La question du bien-être des élèves constitue une autre grande préoccupation. «Les niveaux alarmants de stress et d'anxiété chez les élèves, souvent exacerbés par une pression académique excessive, nécessitent une approche globale. Cela inclut l'intégration de psychologues scolaires dans chaque établissement, ainsi que la mise en oeuvre de programmes de gestion du stress. De plus, il est crucial de repenser notre système d'évaluation afin de réduire la pression liée aux examens, tout en maintenant l'excellence académique», insiste Yugeshwur Kisto.
La gestion des ressources éducatives pose un autre défi majeur. «Les infrastructures vieillissantes et le manque de matériel pédagogique moderne nuisent à la qualité de l'enseignement. Un plan ambitieux de rénovation et de modernisation doit être instauré, soutenu par des partenariats public-privé innovants et une meilleure optimisation des ressources existantes», préconise-t-il.
Pour relever ces défis, une approche systémique est indispensable. «Il nous faut une vision à long terme coordonnée entre tous les acteurs du secteur éducatif. Cela passe par une augmentation significative du budget de l'éducation et par la recherche de financements alternatifs. L'engagement de toutes les parties prenantes, des enseignants aux parents, en passant par le secteur privé, est crucial», affirme-t-il. Yugeshwur Kisto plaide pour une mise en oeuvre progressive et réfléchie des réformes. «Des projets pilotes permettront de tester et d'affiner les solutions avant leur généralisation. Une évaluation continue et des ajustements réguliers seront essentiels pour garantir l'efficacité des mesures adoptées.»

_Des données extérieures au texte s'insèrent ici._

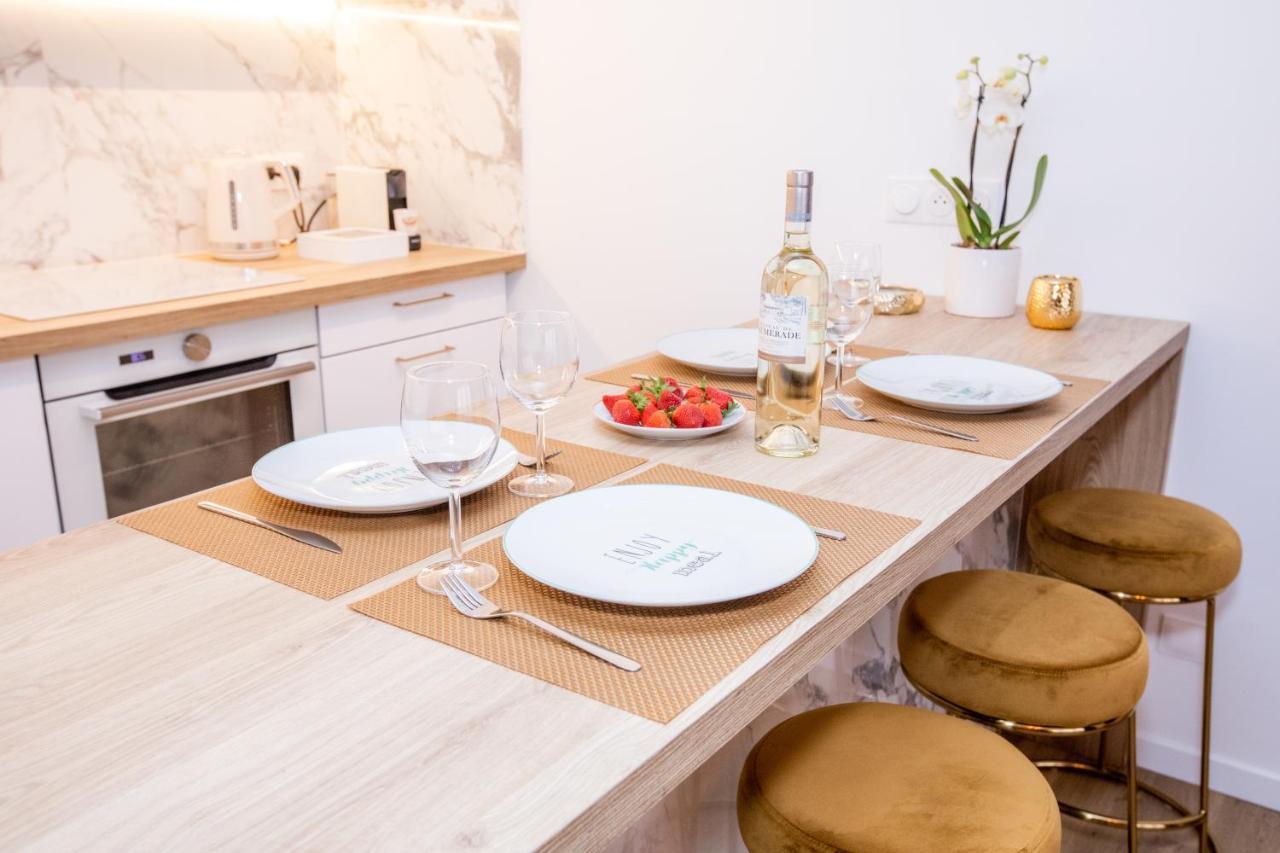 Apartamento Luxueux 3p. Art Deco + Parking Cannes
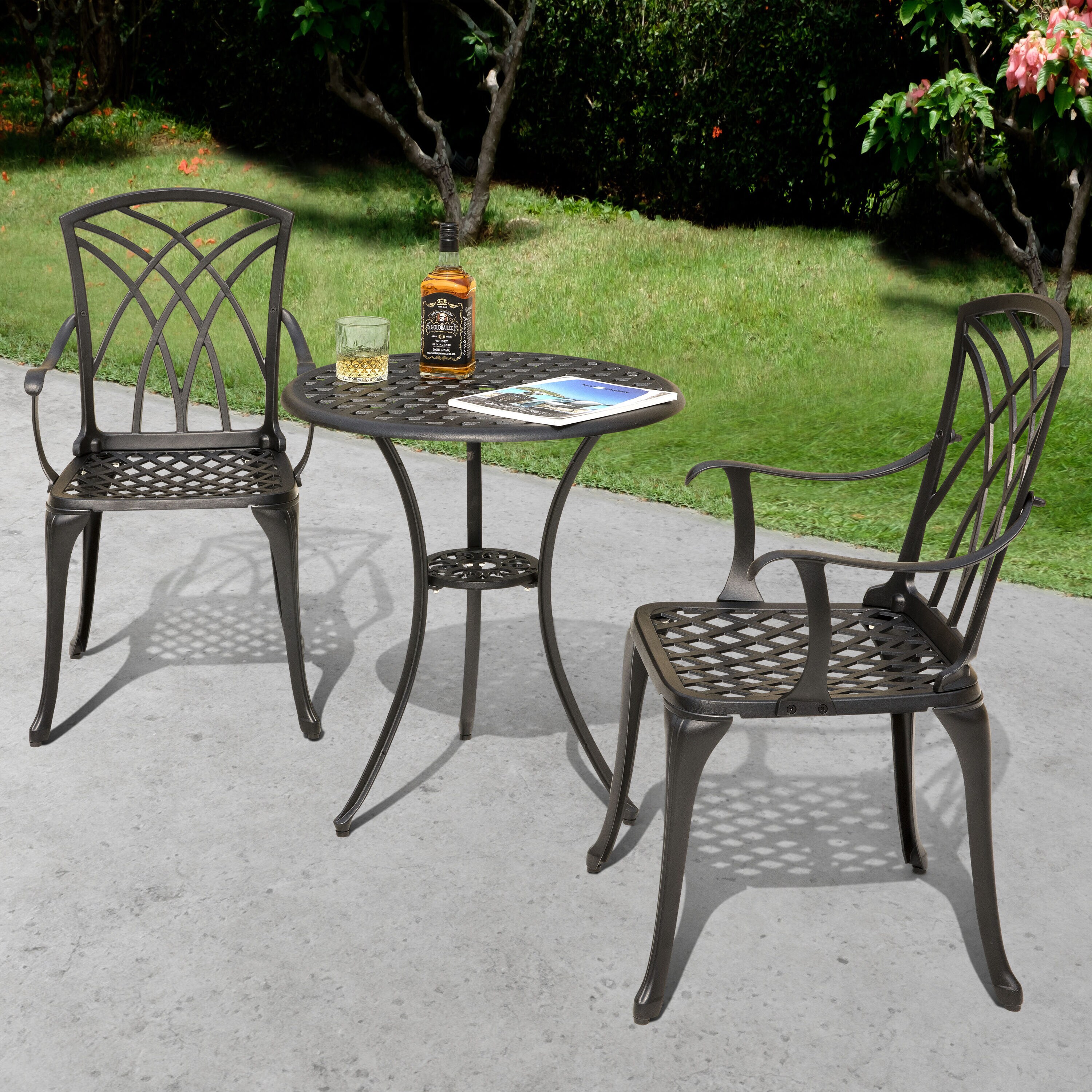 cheap outdoor bistro set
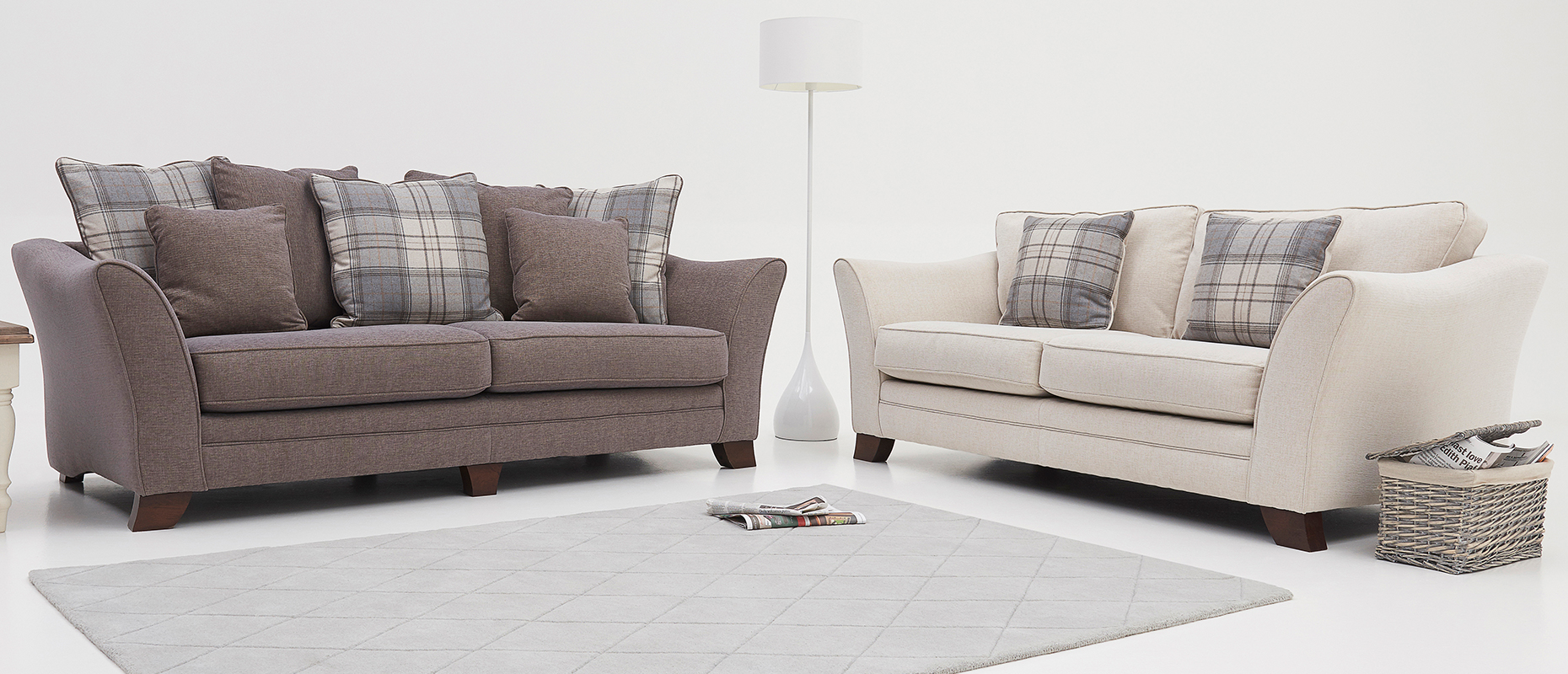 Fontwell sofa Collection at Forrest Furnishing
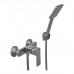 Змішувач для душу KUBUS 003 GRAPHITE (HB4004)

En conclusion, il souligne que, bien que les défis soient nombreux, ils ne sont pas insurmontables. «La clé de la réussite réside dans notre capacité à maintenir une vision claire et à long terme, à mobiliser les ressources nécessaires, et à encourager une collaboration étroite entre tous les acteurs du secteur éducatif. L'avenir de notre nation repose sur notre aptitude à transformer ces défis en opportunités pour construire un système éducatif plus équitable, performant et adapté aux exigences de notre époque», conclut-il.